WHAT YOU SHOULD DO >> Write out again, exactly, the lines below starting at the one with "BMW 5 Series 520D Mht Se Step Black #42" and ending at the one with "Ancient roman ruins".

[Opening GIVEN ENTRIES section]

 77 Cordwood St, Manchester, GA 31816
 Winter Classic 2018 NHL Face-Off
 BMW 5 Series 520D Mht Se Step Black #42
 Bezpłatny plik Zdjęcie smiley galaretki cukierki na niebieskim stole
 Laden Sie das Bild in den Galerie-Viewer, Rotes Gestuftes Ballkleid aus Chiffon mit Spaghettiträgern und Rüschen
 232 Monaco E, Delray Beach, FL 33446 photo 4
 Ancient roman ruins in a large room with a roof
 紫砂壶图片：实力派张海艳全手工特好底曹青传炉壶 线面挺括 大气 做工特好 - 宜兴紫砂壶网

[Closing GIVEN ENTRIES section]
[Opening GIVEN ENTRIES section]

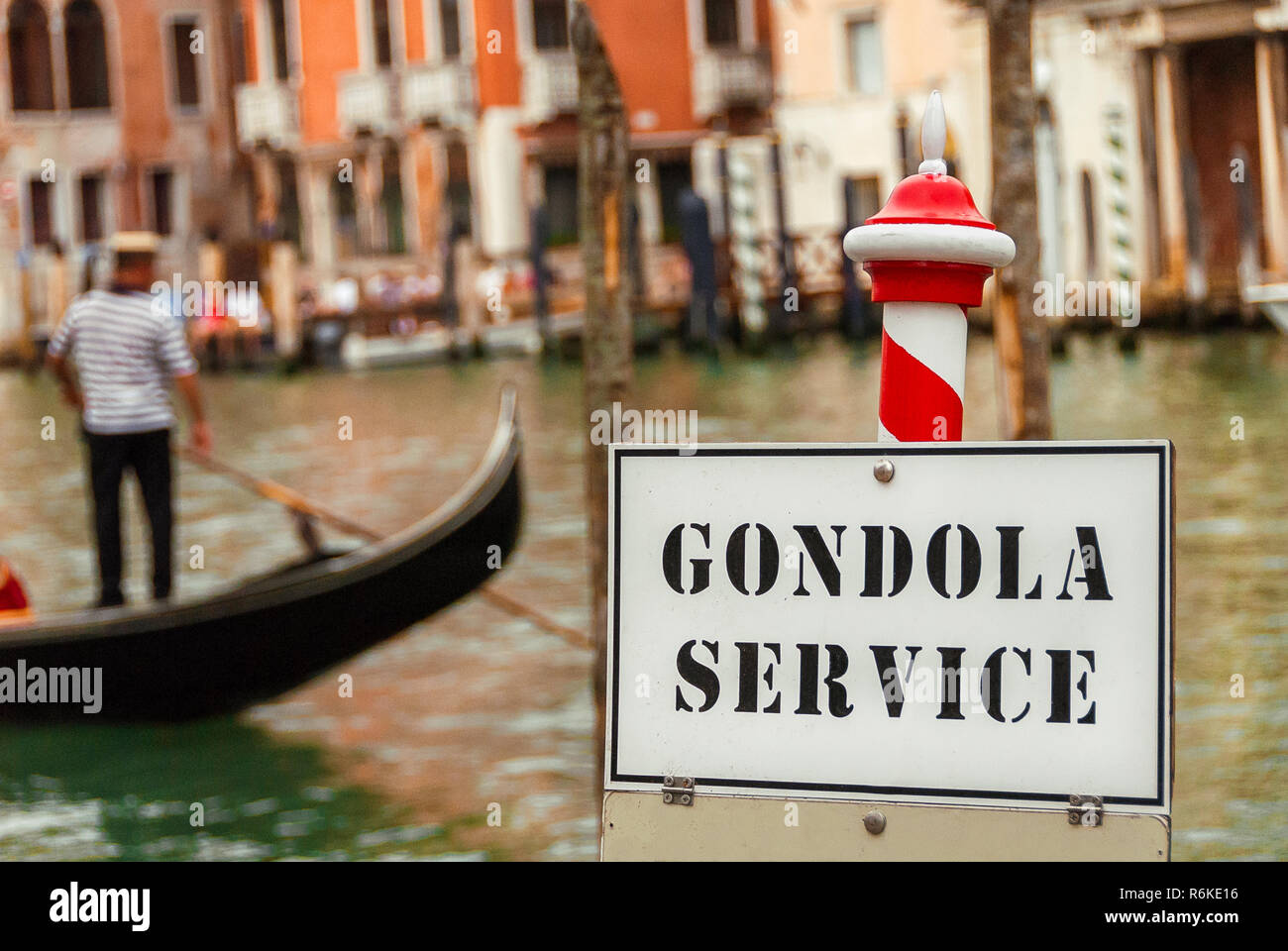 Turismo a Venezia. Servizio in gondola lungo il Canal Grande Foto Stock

[Closing GIVEN ENTRIES section]

TASK RESULT >>
 BMW 5 Series 520D Mht Se Step Black #42
 Bezpłatny plik Zdjęcie smiley galaretki cukierki na niebieskim stole
 Laden Sie das Bild in den Galerie-Viewer, Rotes Gestuftes Ballkleid aus Chiffon mit Spaghettiträgern und Rüschen
 232 Monaco E, Delray Beach, FL 33446 photo 4
 Ancient roman ruins in a large room with a roof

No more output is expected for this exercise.